INFORMATION GIVEN »
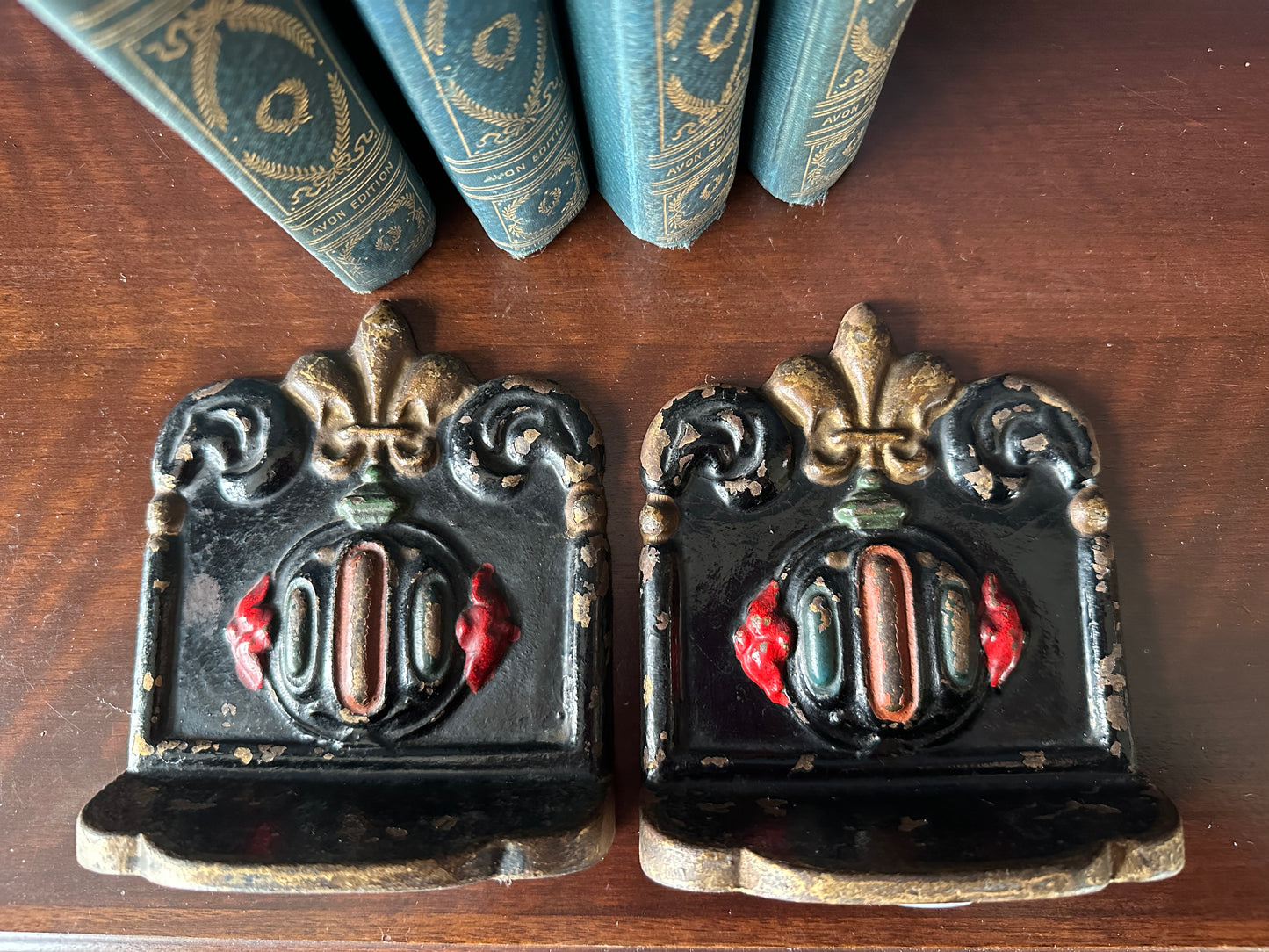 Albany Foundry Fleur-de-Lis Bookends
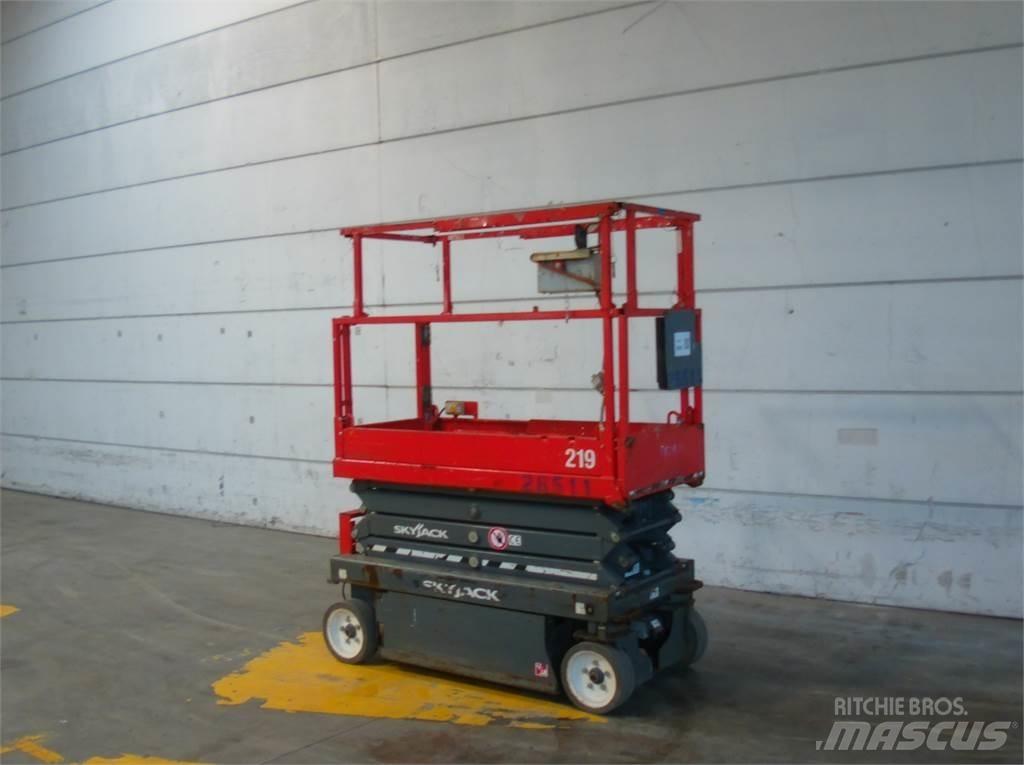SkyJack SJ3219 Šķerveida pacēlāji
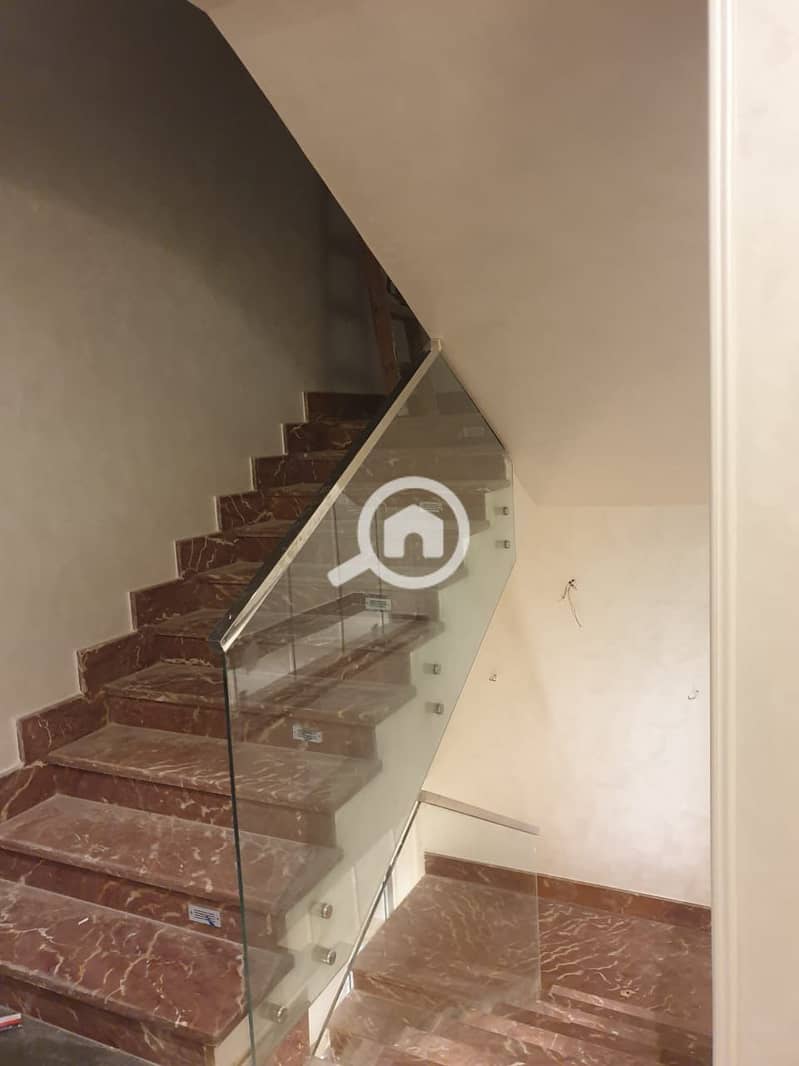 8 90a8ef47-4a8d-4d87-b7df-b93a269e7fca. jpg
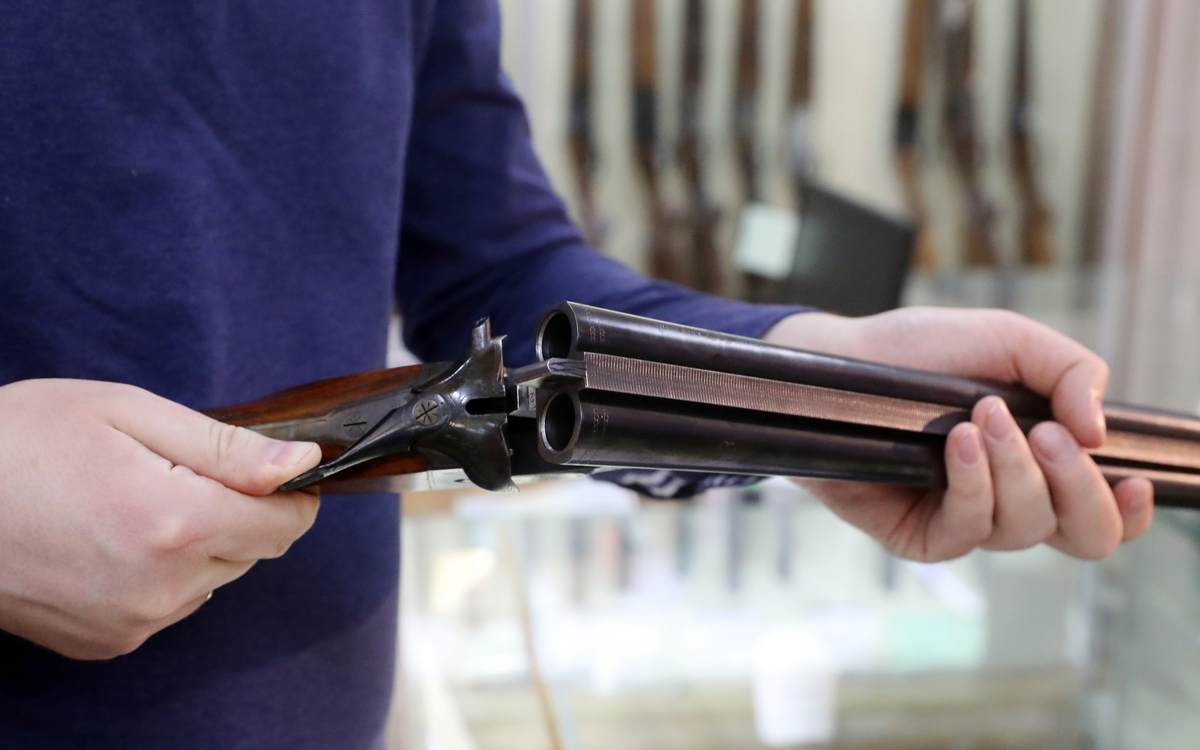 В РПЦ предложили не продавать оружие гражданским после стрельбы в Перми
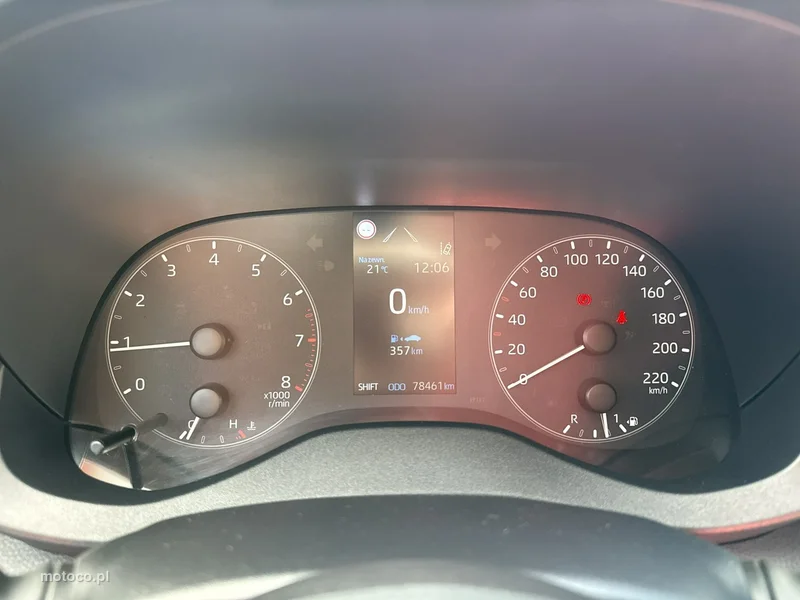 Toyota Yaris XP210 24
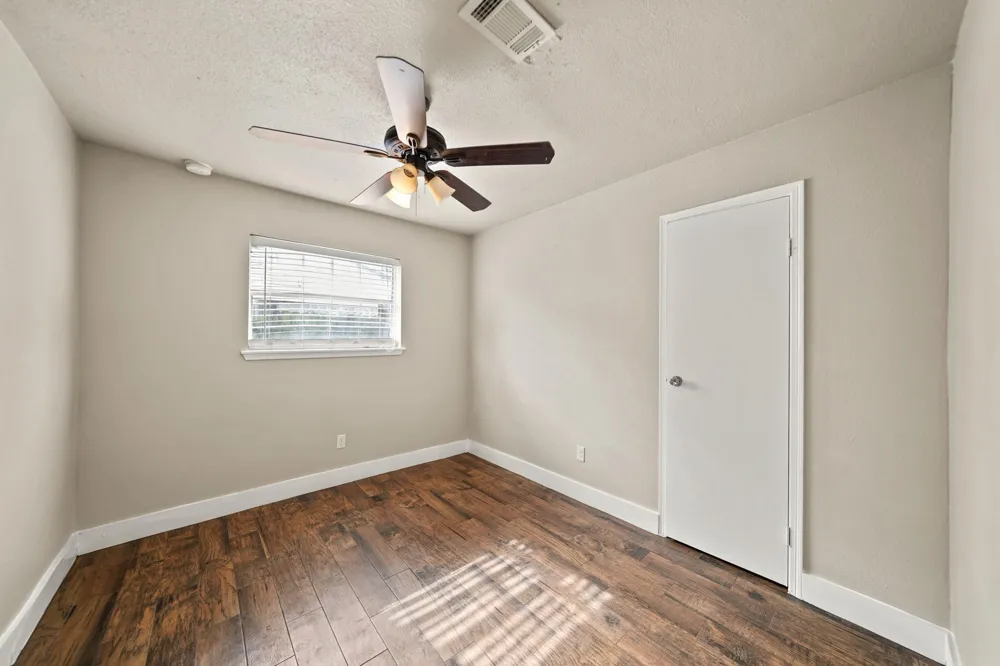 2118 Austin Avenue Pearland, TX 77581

ACTIVITY » Could you transcribe the records above exactly, leaving out any pictures?

EXERCISE RESPONSE »
 Albany Foundry Fleur-de-Lis Bookends
SkyJack SJ3219 Šķerveida pacēlāji
 8 90a8ef47-4a8d-4d87-b7df-b93a269e7fca. jpg
 В РПЦ предложили не продавать оружие гражданским после стрельбы в Перми
 Toyota Yaris XP210 24
 2118 Austin Avenue Pearland, TX 77581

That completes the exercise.